Martin Roth: I'm perhaps not as shocked now as I have been for weeks already. I slowly got used to the situation. Nevertheless, once it becomes clear, it is even worse.
I consider this outcome a personal defeat. It's like a separation in a relationship: as long as the process is underway, you can't really believe it's happening. You only really wake up once it's finalized. That's how I feel now.
You had feared this could happen, but were you expecting it as well?
What's the difference? I already found the "war rhetoric" in the Brexit debate so aggressive - so untypically English.
What happened to tolerance, solidarity and charity? And I'm not a dreamer. I'm just talking about basic values - manners that are part of our upbringing and connect us. Where are they now?
That doesn't just go for England. The same thing is happening in France with Le Pen, and in Germany with the AfD party. A "me-first" mentality has suddenly started to spread - and it is brutal.
I can understand that people ask: how should we deal with Brussels? But it seems crazy to me that this question should lead to smashing everything else. It is destroying the future of our children. That's sad. A majority of older people have voted for the Brexit, while the younger generation wants to remain in the EU. That means the elderly have stolen the youth's future.
How will this impact the cultural sector?
I have no idea. We can discuss this every week. On a national level, we will have to get used to living without European funds. That will especially affect research.
But I actually feel affected on an ideological level more than on an economic one. We are entering the separation phase. It will be horrible.
How can culture react - throughout Europe?
I don't like this question. Artists aren't clowns you can fetch to shake up politics and say "You could also think this way." A cobbler should stick to his trade.
Many artists expressed their worries before the Brexit though.
The cultural sector cannot redress anything now. Artists will stay out of it. They might go into an inner emigration or try to rebuild something long-term. But it's not as though we can expect much of a direct reaction from the arts or from artists.
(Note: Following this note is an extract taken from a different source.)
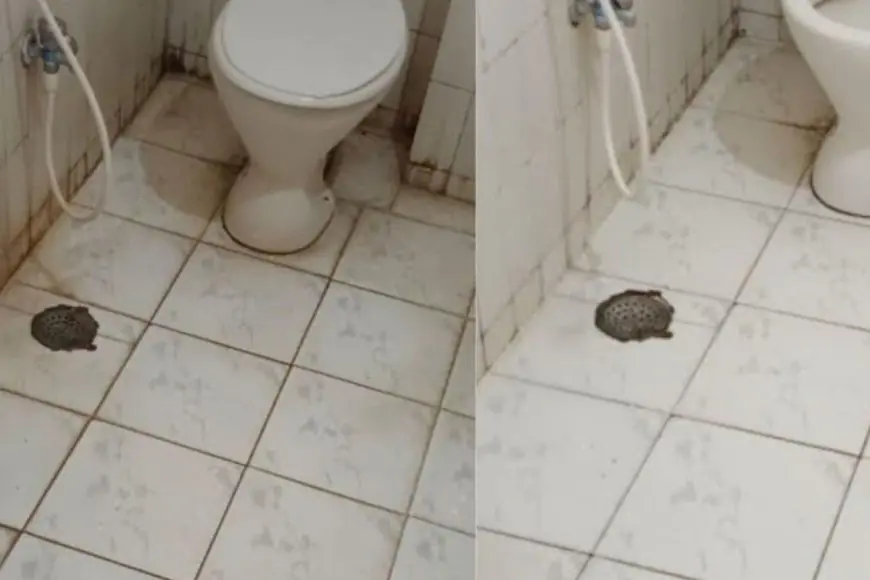 From Dirty Tiles To Dazzling Shine, These Low-Cost Bathroom Cleaning Hacks Actually Work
I wish that were different.
On the other hand, the day after the referendum, nobody knows what a Brexit concretely means - whether it will lead to new customs or visa regulations for example.
Our international networks will not collapse, but their background is being questioned. Until now, we had assumed we were all working together towards a common platform. Now that platform has been smashed.
Martin Roth, born in 1955, has been the director of the Victoria and Albert Museum in London since 2011. He was one of the first Germans to lead a major British museum. He has been appointed President of the German "Institut für Auslandsbeziehungen" (Institute for Foreign Relations) beginning next year.